Almost any human will lose consciousness under an acceleration (‘g force’) of 10 ‘g’s, (‘g’ is the acceleration due to gravity at the Earth’s surface). That is 98ms^{-2}. To find the distance away of objects that are accelerating relative to us at that rate we set 98ms^{-2} = *H*^{2}*r*. So *r* = 98ms^{-2}*/H*^{2} = 98ms^{-2}*/ *(2.2 x 10^{-21} s^{-1})^{2} = 2 x 10^{43}m = 2 x 10^{18} billion light years. That is almost 5 x 10^{16} (50 quadrillion) times the radius of the observable universe.

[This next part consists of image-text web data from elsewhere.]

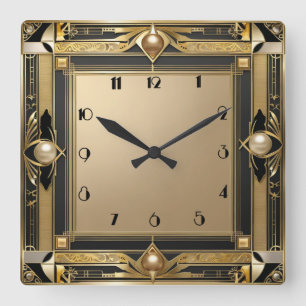 Art Deco Gold Quadratische Wanduhr
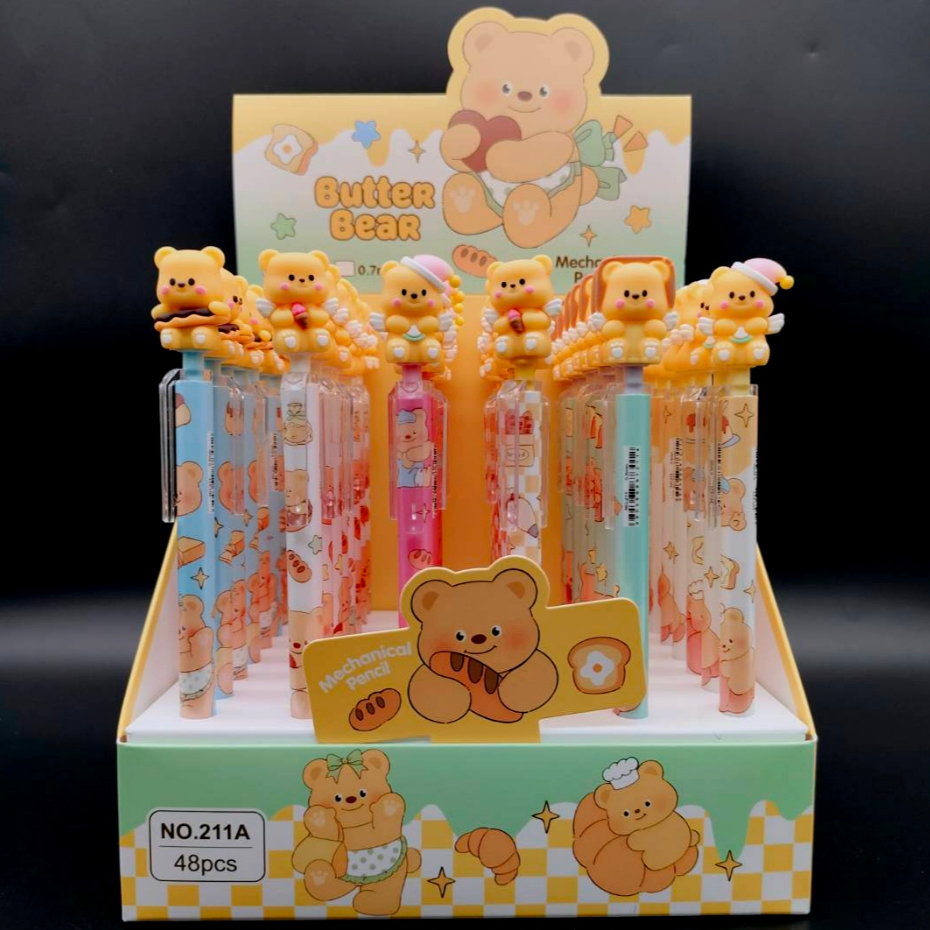 (กล่อง48ด้าม) BetterBear (211A) ดินสอกดไส้ 0.5MM ลายการ์ตูนหมีเนย น่ารัก น่าใช้ เครื่องเขียน โรงเรียน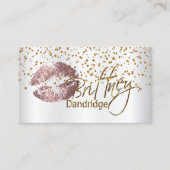 カスタム-メーキャップアーティストの金紙吹雪及びばら色の唇 名刺 (正面)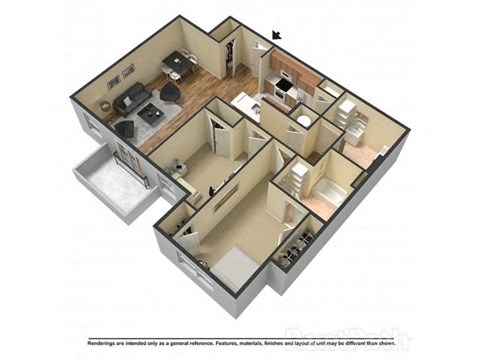 Floor plan for 2 beds, 2 baths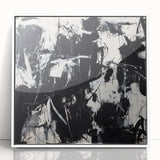 Framed acrylic artwork showcasing vibrant abstract splatters in white, perfect for modern home decor. Ideal for adding a splash of color to any room.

You can open your eyes again now.

We have just worked out that the relative acceleration between ourselves and galaxies that are 2 x 10^{18} billion light years away is around 10 ‘g’s. One or both of us and the distant galaxy must be accelerating away from the other, and the sum of those two accelerations must be 10g. The Cosmological Principle tells us that the universe is essentially the same all over (‘homogeneity’ and ‘isotropy’), so we should have the same acceleration as that galaxy, which means we should each be accelerating at 5g, in opposite directions. That would be enough to pull the Earth out of its orbit around the Sun, and to pull us off the Earth’s surface. Also, we should be able to feel it – in fact it should make us feel very sick, like a super-extreme roller coaster. Remember that science teacher that told us you can’t feel motion but you can feel acceleration? So why can’t we feel it?

The answer is actually at the heart of Einstein’s General Theory of Relativity and, fortunately, it’s not highly technical. What we can feel is acceleration, but in this context it is an oversimplification to say that acceleration is the rate of change of our speed. In General Relativity the acceleration of a body means the rate of divergence of the body’s path through spacetime (its ‘*worldline*’, in relativistic jargon), from the *tangent geodesic*. Let’s unpack this. A geodesic is the equivalent of a straight line on a curvy surface. For instance the ‘great circles’ that are lines of longitude on the Earth are geodesics, and so is the Equator (but *not *lines of latitude like the two tropics or the Arctic and Antarctic circles). At any point in your life, the tangent geodesic to your body is the path it would travel through four-dimensional spacetime if there were no non-gravitational forces acting on it. Fortunately for you, there *are *non-gravitational forces acting on you (principally from the ground, pushing up on the soles of your feet), otherwise you would follow your tangent geodesic which is a headlong plummet towards the centre of the Earth. The floor is constantly pushing you away from your tangent geodesic in four dimensions, just as a turned steering wheel pushes a car away from the line of the beam of its headlights (which is the tangent in *three-*dimensional space to the car’s curved 3D path).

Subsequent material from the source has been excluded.